*Captioned web images*.
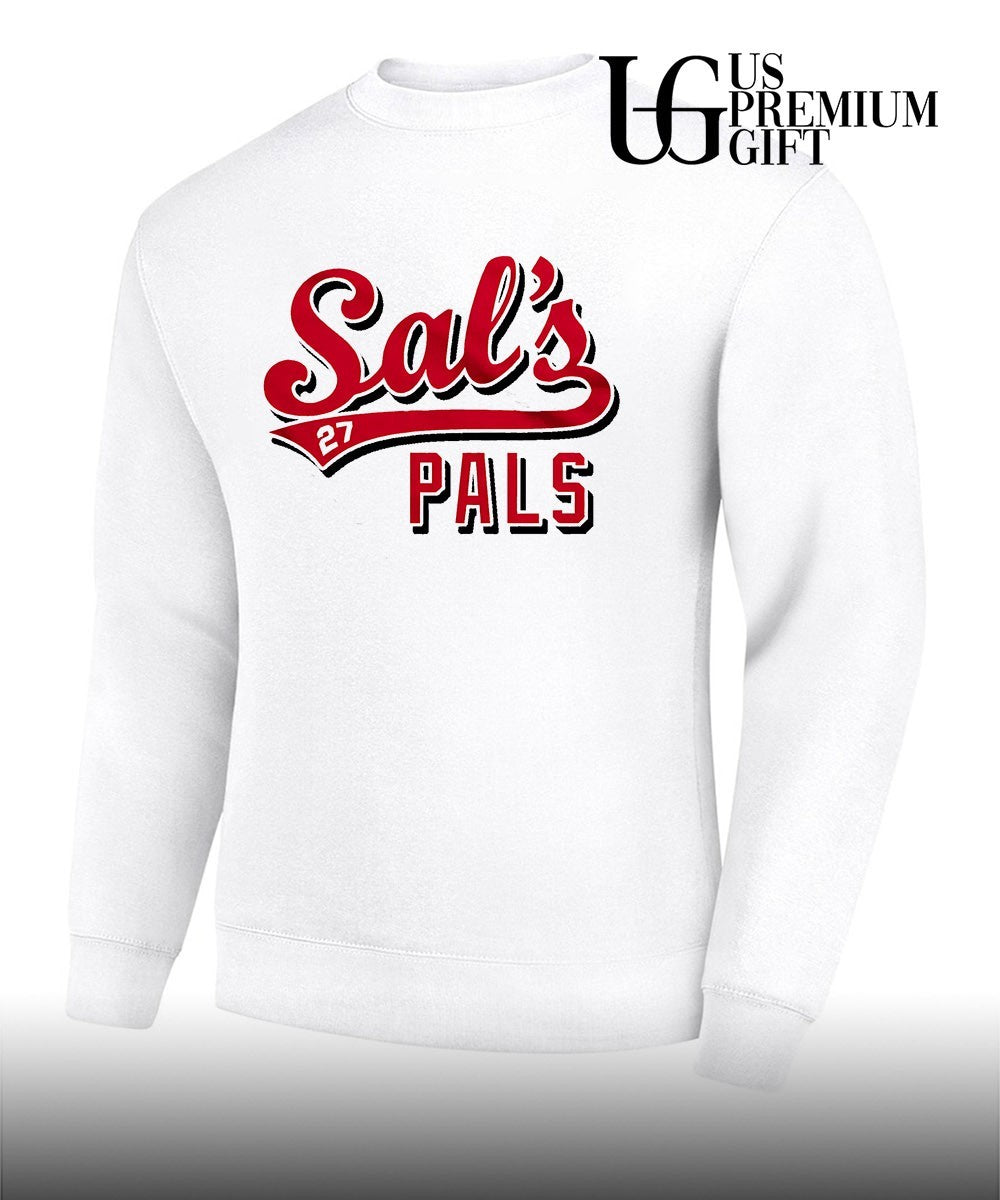 Sal’s Pals Sal Stewart Cincinnati Reds baseball shirt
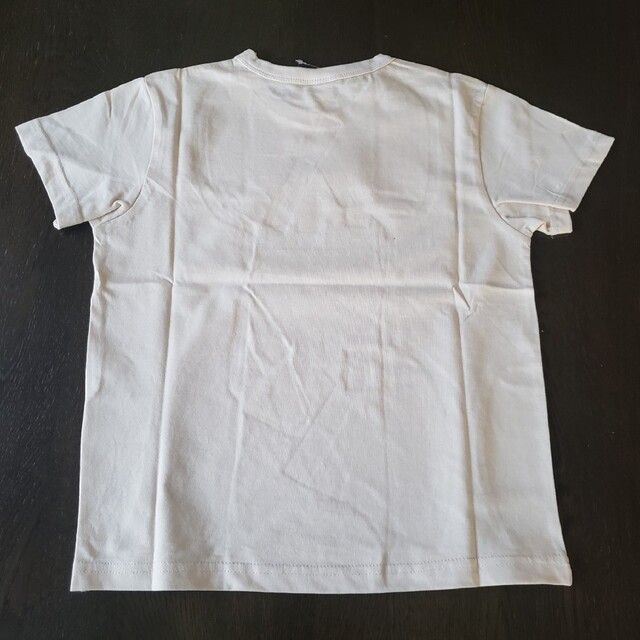 petit main(プティマイン)の【新品】petit main 乗り物Tシャツ 車 130 茶色 キッズ/ベビー/マタニティのキッズ服男の子用(90cm~)(Tシャツ/カットソー)の商品写真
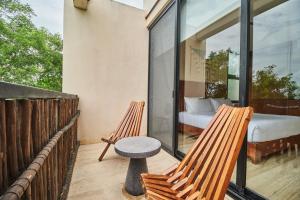 Gallery image of Private pool and rooftop in Aldea Zama, 24 7 security in a gated community 15 in Tulum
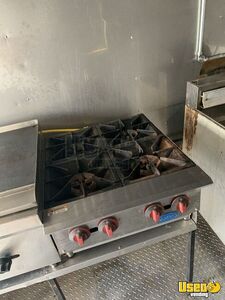 2020 Food Trailer Kitchen Food Trailer Flatgrill Texas for Sale
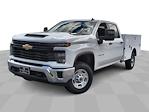 New 2024 Chevrolet Silverado 2500 Work Truck Crew Cab 4WD, Service Truck for sale #F1141037 - photo 34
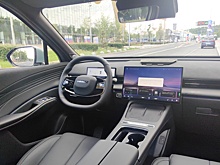 В РФ идет отзыв Omoda C7: заменят руль вместе с подушкой безопасности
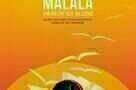 Malala Ihr Recht Auf Bildung - Poster
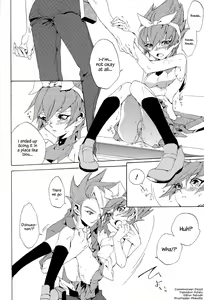 Page 9 of White x bunny - preview thumbnail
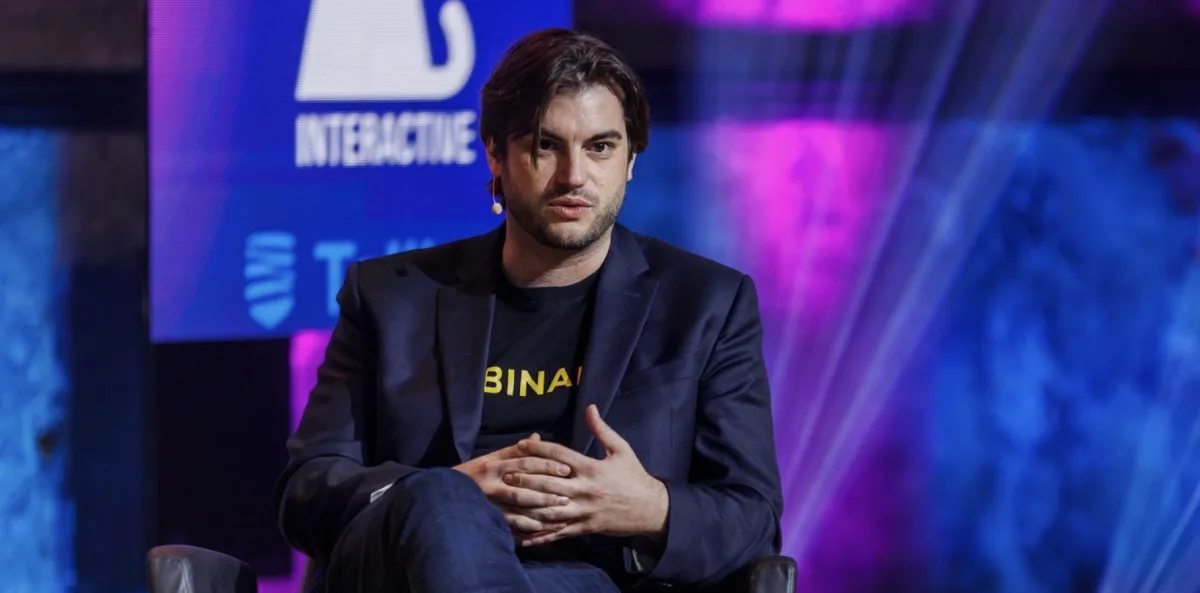 David Prinçay (Binance): "Er zal geen adoptie zijn zolang het het Wilde Westen is."
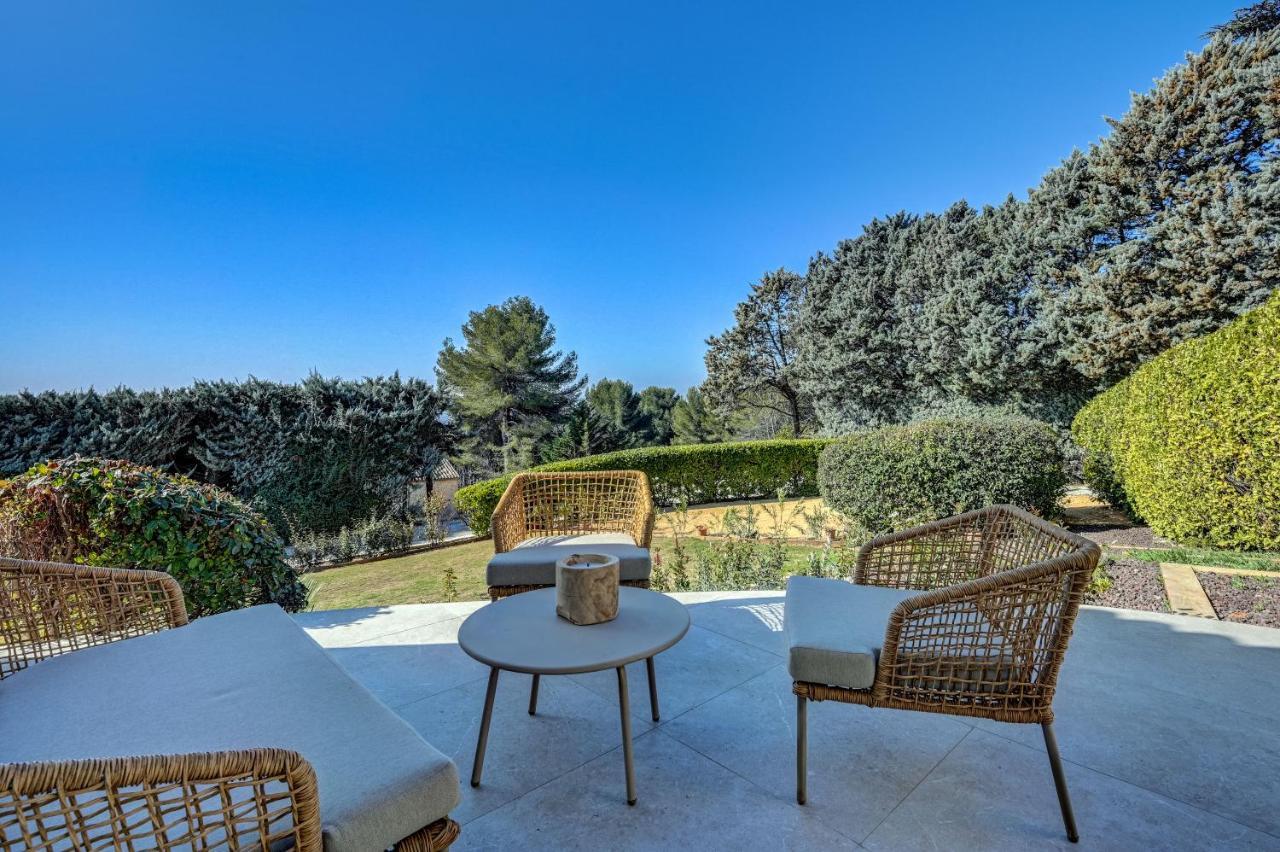 The View Aix-En-Provence Hotel Exterior foto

*What this task involves*. Skip the pictures and print each record exactly as it stands.

*Completed exercise*.
 Sal’s Pals Sal Stewart Cincinnati Reds baseball shirt
 petit main(プティマイン)の【新品】petit main 乗り物Tシャツ 車 130 茶色 キッズ/ベビー/マタニティのキッズ服男の子用(90cm~)(Tシャツ/カットソー)の商品写真
 Gallery image of Private pool and rooftop in Aldea Zama, 24 7 security in a gated community 15 in Tulum
 2020 Food Trailer Kitchen Food Trailer Flatgrill Texas for Sale
 New 2024 Chevrolet Silverado 2500 Work Truck Crew Cab 4WD, Service Truck for sale #F1141037 - photo 34
 В РФ идет отзыв Omoda C7: заменят руль вместе с подушкой безопасности
 Malala Ihr Recht Auf Bildung - Poster
 Page 9 of White x bunny - preview thumbnail
 David Prinçay (Binance): "Er zal geen adoptie zijn zolang het het Wilde Westen is."
 The View Aix-En-Provence Hotel Exterior foto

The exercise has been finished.